# [Directions]
What lines in the entries hold the string "dark"? List them.

# [Source information]
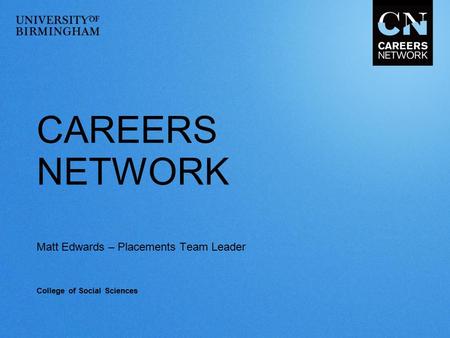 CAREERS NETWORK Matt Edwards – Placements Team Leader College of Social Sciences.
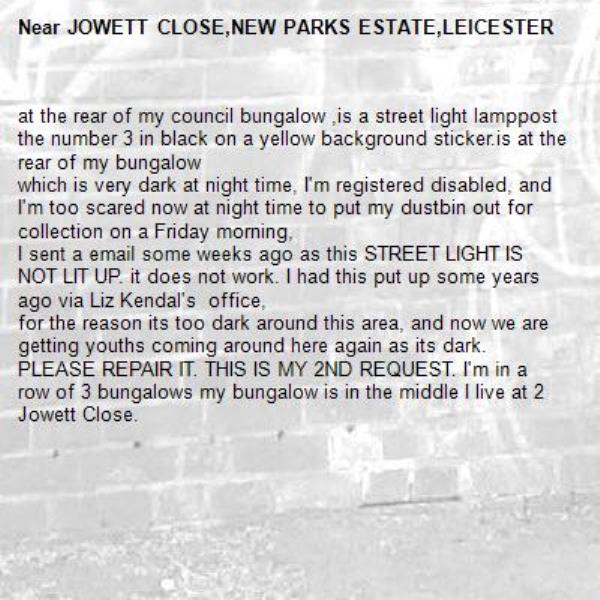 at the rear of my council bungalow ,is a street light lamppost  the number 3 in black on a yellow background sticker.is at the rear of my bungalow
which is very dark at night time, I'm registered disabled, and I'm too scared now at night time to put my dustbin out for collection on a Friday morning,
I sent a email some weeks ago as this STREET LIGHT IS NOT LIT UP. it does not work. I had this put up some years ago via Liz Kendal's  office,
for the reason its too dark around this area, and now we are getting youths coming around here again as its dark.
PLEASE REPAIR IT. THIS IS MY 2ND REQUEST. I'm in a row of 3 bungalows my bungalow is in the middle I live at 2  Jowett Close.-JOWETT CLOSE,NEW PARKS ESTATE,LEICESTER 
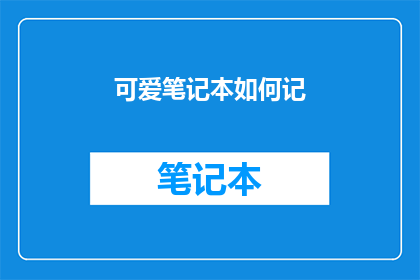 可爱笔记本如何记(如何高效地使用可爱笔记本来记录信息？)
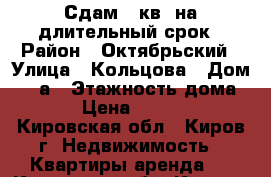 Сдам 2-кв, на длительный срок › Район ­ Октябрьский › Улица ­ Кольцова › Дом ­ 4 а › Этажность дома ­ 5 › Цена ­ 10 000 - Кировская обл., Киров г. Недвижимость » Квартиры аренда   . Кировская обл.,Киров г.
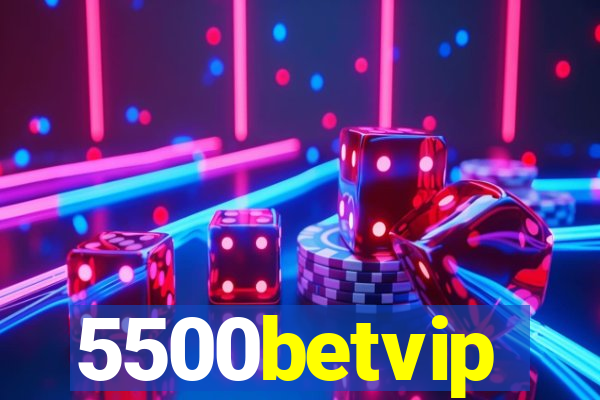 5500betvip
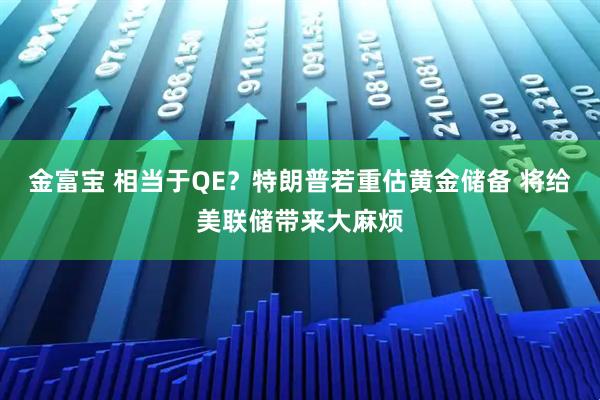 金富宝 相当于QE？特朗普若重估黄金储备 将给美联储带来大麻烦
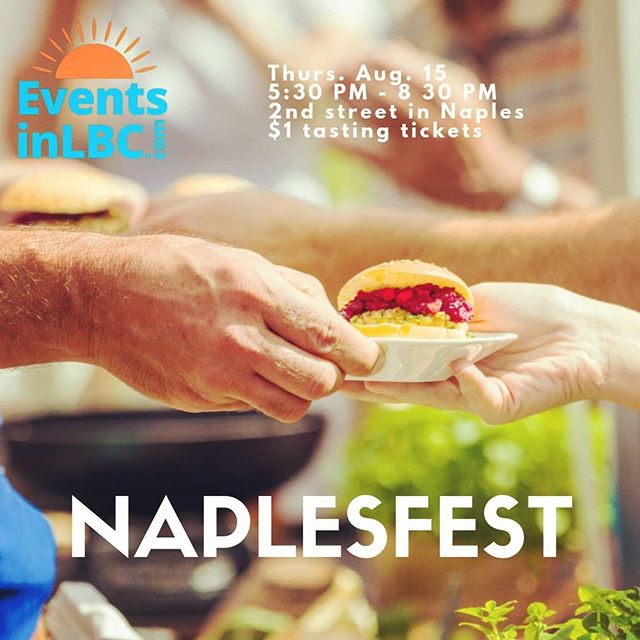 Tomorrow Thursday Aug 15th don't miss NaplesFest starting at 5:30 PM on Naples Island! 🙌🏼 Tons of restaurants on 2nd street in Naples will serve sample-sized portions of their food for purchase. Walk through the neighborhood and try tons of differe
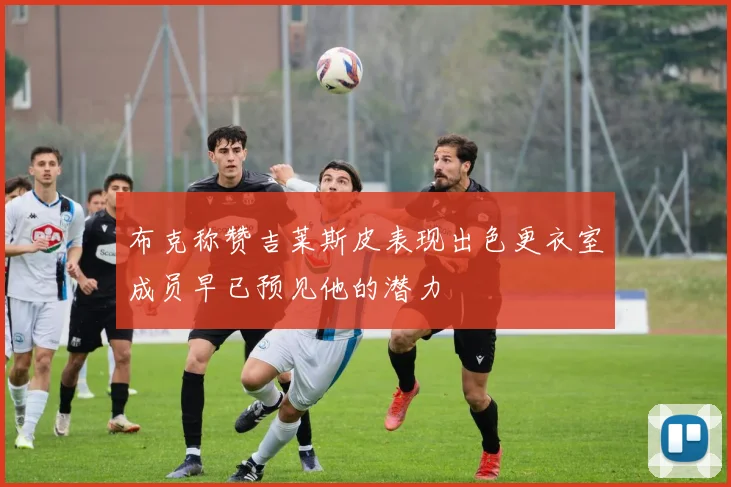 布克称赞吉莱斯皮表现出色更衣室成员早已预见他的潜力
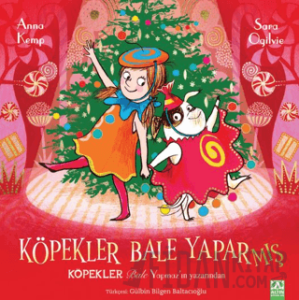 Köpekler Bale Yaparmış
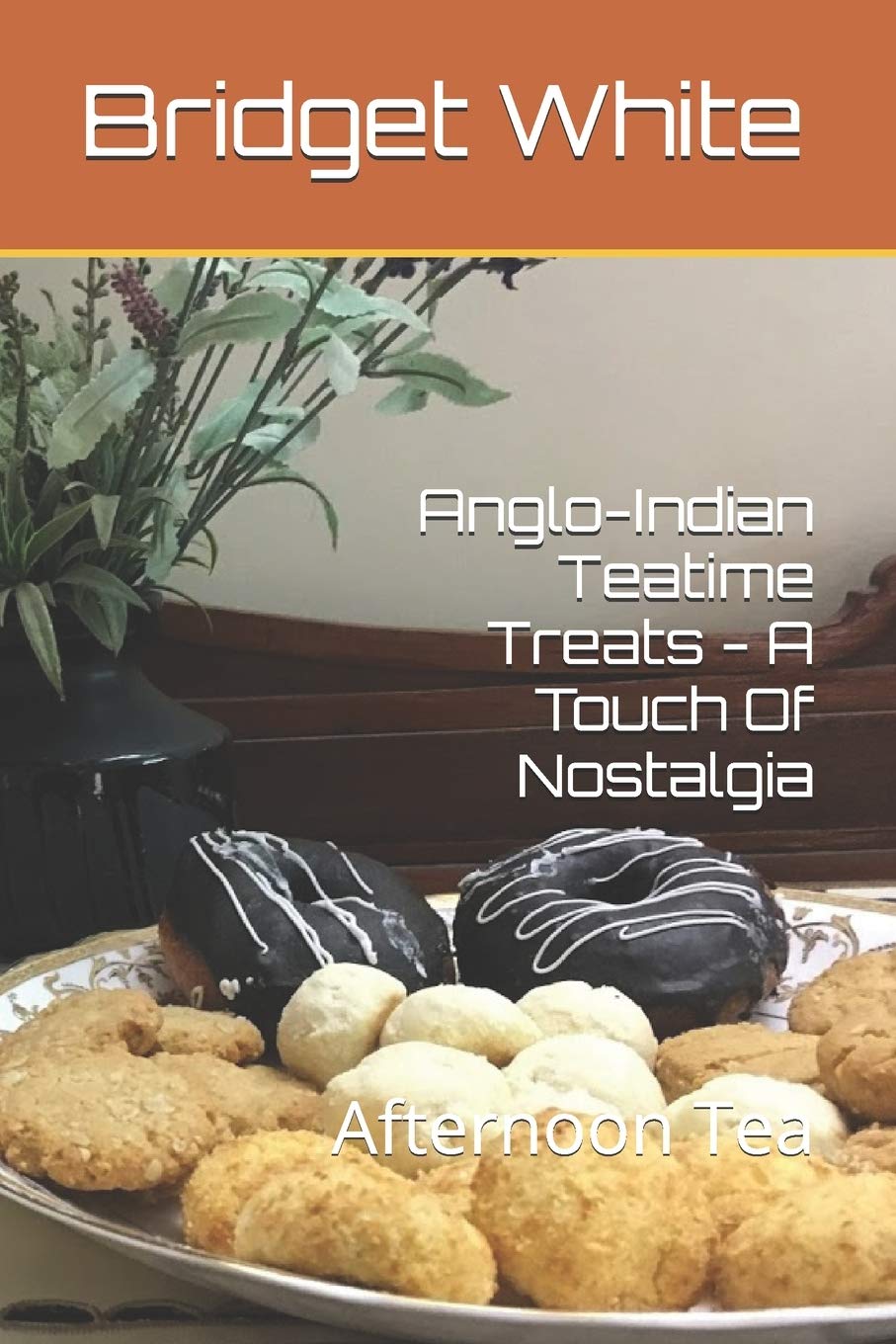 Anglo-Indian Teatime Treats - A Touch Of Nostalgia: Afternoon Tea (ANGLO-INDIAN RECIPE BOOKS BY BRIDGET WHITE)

# [Task output]
which is very dark at night time, I'm registered disabled, and I'm too scared now at night time to put my dustbin out for collection on a Friday morning,
for the reason its too dark around this area, and now we are getting youths coming around here again as its dark.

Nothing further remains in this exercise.